Bongard problems are designed to test the abstraction and analogy-making skills of AI. Copycat was an approach that tested these skills in a microworld --- the letter-string domain.

Cyc is an ongoing project to teach machines common-sense.

Humans have the power of metacognition, in addition of cognition. We can think about, and reason on, what we think and what others think.

Q1: How soon are self-driving cars going to a reality? Ans: We're still far, far away from developing fully  autonomous vehicles.

Q2: Will AI replace all jobs? Ans: AI will likely create a new set of jobs. AI will replace low--pay, boring, degrading, dangerous jobs.

Q3: Should we be scared of AI? Ans: Humans need not be scared of super-intelligence; at least for the next couple of decades. However we should be worried about the reckless rush to deploy AI in all spheres of life without understanding intelligence, and capabilities and vulnerabilities of AI.

Q4: Can machines be creative?
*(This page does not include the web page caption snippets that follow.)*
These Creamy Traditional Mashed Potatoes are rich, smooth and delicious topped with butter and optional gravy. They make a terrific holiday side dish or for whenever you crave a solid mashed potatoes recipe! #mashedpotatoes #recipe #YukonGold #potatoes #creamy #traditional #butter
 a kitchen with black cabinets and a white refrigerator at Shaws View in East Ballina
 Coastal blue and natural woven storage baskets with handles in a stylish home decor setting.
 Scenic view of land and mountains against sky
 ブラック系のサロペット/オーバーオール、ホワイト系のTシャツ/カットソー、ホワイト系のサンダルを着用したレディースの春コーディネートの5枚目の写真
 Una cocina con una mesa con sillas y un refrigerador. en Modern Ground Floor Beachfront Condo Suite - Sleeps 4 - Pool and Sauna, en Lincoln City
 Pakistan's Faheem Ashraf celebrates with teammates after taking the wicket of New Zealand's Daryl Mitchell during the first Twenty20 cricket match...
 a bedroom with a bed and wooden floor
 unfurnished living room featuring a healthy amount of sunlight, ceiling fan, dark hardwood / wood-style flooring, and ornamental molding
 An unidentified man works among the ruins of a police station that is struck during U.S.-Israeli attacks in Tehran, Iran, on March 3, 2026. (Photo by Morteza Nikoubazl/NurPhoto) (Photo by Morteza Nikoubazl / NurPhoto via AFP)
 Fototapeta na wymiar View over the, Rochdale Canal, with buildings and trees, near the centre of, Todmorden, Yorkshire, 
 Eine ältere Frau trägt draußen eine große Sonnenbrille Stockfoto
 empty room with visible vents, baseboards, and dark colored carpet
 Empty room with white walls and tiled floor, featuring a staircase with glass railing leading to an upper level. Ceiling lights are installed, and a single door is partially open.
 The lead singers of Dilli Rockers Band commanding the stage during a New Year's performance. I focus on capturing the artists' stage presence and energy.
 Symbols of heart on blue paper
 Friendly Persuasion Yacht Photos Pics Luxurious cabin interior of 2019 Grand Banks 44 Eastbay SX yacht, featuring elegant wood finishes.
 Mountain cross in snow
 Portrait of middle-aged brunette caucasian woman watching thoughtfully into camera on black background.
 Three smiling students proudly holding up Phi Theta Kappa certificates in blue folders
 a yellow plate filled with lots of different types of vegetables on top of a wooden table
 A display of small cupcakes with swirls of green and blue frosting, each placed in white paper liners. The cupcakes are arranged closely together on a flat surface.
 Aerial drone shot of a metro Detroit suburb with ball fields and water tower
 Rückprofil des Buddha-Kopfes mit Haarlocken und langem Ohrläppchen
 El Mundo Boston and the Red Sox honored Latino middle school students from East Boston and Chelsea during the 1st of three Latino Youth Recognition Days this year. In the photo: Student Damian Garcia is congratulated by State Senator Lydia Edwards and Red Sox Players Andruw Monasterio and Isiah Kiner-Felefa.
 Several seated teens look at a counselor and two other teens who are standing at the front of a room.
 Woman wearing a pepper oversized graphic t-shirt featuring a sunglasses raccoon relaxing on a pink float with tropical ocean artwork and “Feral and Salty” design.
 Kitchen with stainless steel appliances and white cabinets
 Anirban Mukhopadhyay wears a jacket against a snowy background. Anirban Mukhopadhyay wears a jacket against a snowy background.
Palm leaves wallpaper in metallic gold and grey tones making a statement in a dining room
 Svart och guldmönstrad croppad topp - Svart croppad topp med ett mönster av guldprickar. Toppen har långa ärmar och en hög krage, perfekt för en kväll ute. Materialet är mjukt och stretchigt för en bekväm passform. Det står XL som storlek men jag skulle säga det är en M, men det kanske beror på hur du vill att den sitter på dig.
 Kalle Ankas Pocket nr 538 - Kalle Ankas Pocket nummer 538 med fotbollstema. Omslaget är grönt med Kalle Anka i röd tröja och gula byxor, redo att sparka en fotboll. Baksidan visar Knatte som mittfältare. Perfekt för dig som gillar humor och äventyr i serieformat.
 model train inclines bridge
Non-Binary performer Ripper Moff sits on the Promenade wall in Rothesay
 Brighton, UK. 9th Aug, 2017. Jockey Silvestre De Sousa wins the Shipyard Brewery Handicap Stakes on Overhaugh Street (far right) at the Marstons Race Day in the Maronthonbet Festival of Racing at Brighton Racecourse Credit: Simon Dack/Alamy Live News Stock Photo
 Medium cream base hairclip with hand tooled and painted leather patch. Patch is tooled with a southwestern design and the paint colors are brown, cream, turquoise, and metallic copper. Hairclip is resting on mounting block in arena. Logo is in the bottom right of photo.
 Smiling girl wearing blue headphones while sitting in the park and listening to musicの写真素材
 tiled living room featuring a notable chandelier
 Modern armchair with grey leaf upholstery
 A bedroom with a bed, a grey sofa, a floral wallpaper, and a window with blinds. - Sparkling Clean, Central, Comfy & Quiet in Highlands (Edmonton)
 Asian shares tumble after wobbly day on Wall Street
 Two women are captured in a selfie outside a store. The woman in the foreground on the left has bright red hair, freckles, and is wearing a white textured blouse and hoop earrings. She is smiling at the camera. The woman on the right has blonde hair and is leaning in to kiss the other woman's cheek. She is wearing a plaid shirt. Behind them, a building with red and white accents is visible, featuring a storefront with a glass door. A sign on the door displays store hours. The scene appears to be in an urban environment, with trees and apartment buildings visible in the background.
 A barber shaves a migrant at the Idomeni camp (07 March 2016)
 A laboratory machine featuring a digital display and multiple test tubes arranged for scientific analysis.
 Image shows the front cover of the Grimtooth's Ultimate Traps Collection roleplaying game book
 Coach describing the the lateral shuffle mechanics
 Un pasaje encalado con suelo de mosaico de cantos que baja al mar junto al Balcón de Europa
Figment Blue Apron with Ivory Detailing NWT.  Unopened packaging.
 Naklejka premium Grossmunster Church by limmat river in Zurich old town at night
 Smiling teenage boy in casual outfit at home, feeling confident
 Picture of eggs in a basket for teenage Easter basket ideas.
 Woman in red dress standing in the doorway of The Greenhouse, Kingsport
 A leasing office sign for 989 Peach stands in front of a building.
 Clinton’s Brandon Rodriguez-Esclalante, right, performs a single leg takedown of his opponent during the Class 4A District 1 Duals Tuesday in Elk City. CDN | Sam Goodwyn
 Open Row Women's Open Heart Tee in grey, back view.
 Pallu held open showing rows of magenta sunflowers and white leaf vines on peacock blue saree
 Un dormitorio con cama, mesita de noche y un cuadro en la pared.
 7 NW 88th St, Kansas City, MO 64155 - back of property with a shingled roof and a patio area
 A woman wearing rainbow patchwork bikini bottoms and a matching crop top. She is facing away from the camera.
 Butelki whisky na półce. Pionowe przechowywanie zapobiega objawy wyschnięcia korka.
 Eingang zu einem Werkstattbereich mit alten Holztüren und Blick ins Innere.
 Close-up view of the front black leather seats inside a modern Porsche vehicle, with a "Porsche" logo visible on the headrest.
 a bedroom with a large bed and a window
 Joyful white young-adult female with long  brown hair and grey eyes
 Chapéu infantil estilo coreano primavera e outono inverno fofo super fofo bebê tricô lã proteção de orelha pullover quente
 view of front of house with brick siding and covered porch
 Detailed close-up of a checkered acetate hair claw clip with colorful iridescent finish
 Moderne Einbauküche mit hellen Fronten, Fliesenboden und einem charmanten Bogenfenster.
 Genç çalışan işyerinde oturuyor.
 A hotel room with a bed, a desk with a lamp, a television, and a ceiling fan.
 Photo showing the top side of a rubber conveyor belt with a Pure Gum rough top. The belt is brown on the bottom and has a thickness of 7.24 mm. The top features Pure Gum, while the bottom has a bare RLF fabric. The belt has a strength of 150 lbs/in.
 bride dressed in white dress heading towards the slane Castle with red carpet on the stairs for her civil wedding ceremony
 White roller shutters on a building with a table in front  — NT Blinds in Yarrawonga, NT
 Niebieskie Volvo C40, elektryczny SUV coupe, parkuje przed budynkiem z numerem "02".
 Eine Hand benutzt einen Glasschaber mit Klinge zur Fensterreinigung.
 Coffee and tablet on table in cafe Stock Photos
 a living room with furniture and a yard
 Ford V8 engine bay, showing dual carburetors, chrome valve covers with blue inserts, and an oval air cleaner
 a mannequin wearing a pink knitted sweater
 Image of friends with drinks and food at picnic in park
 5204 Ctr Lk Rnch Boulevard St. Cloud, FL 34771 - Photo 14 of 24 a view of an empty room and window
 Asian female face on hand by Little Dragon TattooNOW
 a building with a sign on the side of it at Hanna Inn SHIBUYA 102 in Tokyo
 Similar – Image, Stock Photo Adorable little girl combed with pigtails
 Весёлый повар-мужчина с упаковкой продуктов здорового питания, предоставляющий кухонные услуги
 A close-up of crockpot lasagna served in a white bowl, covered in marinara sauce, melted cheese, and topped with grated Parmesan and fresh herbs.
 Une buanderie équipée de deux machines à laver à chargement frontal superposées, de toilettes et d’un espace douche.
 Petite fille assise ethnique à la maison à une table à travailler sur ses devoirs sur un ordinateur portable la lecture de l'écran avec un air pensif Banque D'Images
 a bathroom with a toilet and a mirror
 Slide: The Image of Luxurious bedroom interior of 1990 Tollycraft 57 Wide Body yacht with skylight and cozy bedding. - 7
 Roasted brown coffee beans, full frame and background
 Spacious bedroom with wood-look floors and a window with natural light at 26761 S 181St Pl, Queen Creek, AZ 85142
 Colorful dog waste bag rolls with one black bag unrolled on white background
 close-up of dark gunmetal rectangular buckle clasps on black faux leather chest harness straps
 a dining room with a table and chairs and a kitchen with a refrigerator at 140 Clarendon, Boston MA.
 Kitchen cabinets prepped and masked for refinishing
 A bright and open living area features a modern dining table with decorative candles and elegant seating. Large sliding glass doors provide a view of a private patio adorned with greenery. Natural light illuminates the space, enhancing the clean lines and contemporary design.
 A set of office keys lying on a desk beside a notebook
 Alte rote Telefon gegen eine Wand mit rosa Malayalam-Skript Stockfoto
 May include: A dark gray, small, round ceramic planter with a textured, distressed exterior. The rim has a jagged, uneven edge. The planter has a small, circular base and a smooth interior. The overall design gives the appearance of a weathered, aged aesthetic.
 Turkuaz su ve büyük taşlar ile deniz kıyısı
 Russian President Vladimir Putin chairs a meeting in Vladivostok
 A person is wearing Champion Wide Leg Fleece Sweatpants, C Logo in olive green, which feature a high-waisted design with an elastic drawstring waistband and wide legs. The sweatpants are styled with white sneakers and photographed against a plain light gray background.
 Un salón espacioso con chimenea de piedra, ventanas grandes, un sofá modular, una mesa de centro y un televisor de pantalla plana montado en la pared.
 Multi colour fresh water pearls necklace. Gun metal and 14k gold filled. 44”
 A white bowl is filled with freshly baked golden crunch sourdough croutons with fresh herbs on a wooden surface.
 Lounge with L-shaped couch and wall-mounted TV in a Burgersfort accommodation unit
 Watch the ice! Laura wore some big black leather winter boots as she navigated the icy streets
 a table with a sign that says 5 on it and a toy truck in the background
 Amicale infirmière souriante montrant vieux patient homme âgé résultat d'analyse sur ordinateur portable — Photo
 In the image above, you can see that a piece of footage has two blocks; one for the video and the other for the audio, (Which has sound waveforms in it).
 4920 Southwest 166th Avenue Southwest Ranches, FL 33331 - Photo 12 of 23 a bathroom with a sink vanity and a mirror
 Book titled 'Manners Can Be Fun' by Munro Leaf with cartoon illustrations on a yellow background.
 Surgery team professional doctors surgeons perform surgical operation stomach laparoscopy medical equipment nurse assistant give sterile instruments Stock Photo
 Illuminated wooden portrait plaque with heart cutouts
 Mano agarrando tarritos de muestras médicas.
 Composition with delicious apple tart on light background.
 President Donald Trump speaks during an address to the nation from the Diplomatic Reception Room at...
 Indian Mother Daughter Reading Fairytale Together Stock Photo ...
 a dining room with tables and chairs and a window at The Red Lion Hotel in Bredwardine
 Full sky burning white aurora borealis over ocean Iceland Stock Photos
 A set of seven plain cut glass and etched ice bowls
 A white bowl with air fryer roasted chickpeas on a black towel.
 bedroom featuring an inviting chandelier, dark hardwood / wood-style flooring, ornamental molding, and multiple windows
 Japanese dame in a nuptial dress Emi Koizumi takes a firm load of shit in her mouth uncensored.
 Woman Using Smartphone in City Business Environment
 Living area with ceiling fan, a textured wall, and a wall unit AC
Ans: Most AI systems need a human in the loop. Seemingly creative systems such as AI relied on Cope's knowledge about music, algorithm design, and selection of music. More importantly, EMI was not capable enough to judge or appreciate its own music. EMI did not "understand" music, time signatures, rhythm, tune and many other concepts related to music and composition.

What makes us proud is not only the ability to produce music, but also the ability to appreciate it, the ability to comprehend what it communicates.